Meta-Reinforcement Learning with Adaptation from Human Feedback via Preference-Order-Preserving Task Embedding

Siyuan Xu · Minghui Zhu

West Exhibition Hall B2-B3 #W-704
[ ] [ ]
Wed 16 Jul 4:30 p.m. PDT — 7 p.m. PDT

Abstract:

This paper studies meta-reinforcement learning with adaptation from human feedback. It aims to pre-train a meta-model that can achieve few-shot adaptation for new tasks from human preference queries without relying on reward signals. To solve the problem, we propose the framework adaptation via Preference-Order-preserving EMbedding (POEM). In the meta-training, the framework learns a task encoder, which maps tasks to a preference-order-preserving task embedding space, and a decoder, which maps the embeddings to the task-specific policies. In the adaptation from human feedback, the task encoder facilitates efficient task embedding inference for new tasks from the preference queries and then obtains the task-specific policy. We provide a theoretical guarantee for the convergence of the adaptation process to the task-specific optimal policy and experimentally demonstrate its state-of-the-art performance with substantial improvement over baseline methods.

Lay Summary:

This paper introduces a new way to teach AI systems how to quickly adapt to new tasks using feedback from humans instead of complex programming or reward setups.
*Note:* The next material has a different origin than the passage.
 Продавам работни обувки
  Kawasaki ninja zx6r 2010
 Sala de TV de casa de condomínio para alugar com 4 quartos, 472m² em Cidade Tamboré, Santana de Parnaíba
The method helps the AI learn patterns across many training tasks, so that when it faces a new task, it can understand what to do just by comparing options that people prefer. This makes the training process much faster and more efficient, especially in situations where it’s hard to define what success looks like. The approach shows strong results in robotic simulations, performing as well or better than existing methods while using much less human input.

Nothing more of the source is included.